Proceso Alcala, Secretary of Agriculture, says full advantage must be taken of the country’s rich potential for farming – arable farmland makes up more than 40% of the total land area. Programs are being introduced to help the nation feed itself, which the administration aims to achieve by 2013, but beyond self-sufficiency the aim is to transform agriculture into a modern, dynamic and competitive sector that can serve as a springboard for the economy. “We want to export as much as we can produce to the neighboring countries,” says Mr. Alcala. “A lot of people are saying that there is a food crisis issue, but we would like to treat this as an opportunity rather than a problem. We can use agriculture as one of the main areas where we can excel.”

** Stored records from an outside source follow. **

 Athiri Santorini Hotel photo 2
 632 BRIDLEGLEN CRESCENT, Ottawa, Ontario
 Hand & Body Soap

As important as the development of sectors with economic potential is the need to transform government itself. President Aquino, who campaigned on the basis that without corruption there would be no poverty, has committed his administration to strict observance of the basic tenets of good governance – in particular transparency and accountability. His aim is to rebuild the people’s trust in government and encourage international investors to invest in the country.

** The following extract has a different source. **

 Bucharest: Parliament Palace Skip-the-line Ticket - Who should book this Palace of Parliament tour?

Cesar Purisima, Secretary of Finance, says, “We have to address the issues that have held us back so that we can accelerate the country’s growth and make it sustainable, ultimately reducing poverty.” He adds, “We really need to stay focused to fight corruption; there are no quick fixes or shortcuts.”

Fiscally, the government is pursuing a more prudent management of resources and expects to lower and maintain its deficit at 2% of GDP by 2013.

At the Philippine Stock Exchange, president and chief executive officer Hans Sicat is addressing what he calls the two major challenges of limited liquidity and good corporate governance. “We are trying to promote transparency and professionalism,” he says. “Hopefully, that will improve the view of investors not just locally, but globally, as well. I think this will do wonders for the economy because we are a major part of the fundraising for companies.”

A broader perspective comes from the legendary tycoon Washington SyCip, founder of SGV Group, which represents 51 of the top 100 corporations in the Philippines for both insurance and tax auditing. “We need economic and political freedom and we have to ensure that people are educated and no longer hungry,” he says. “We need political freedom not only for the Philippines, but for the whole of Asia and developing nations.”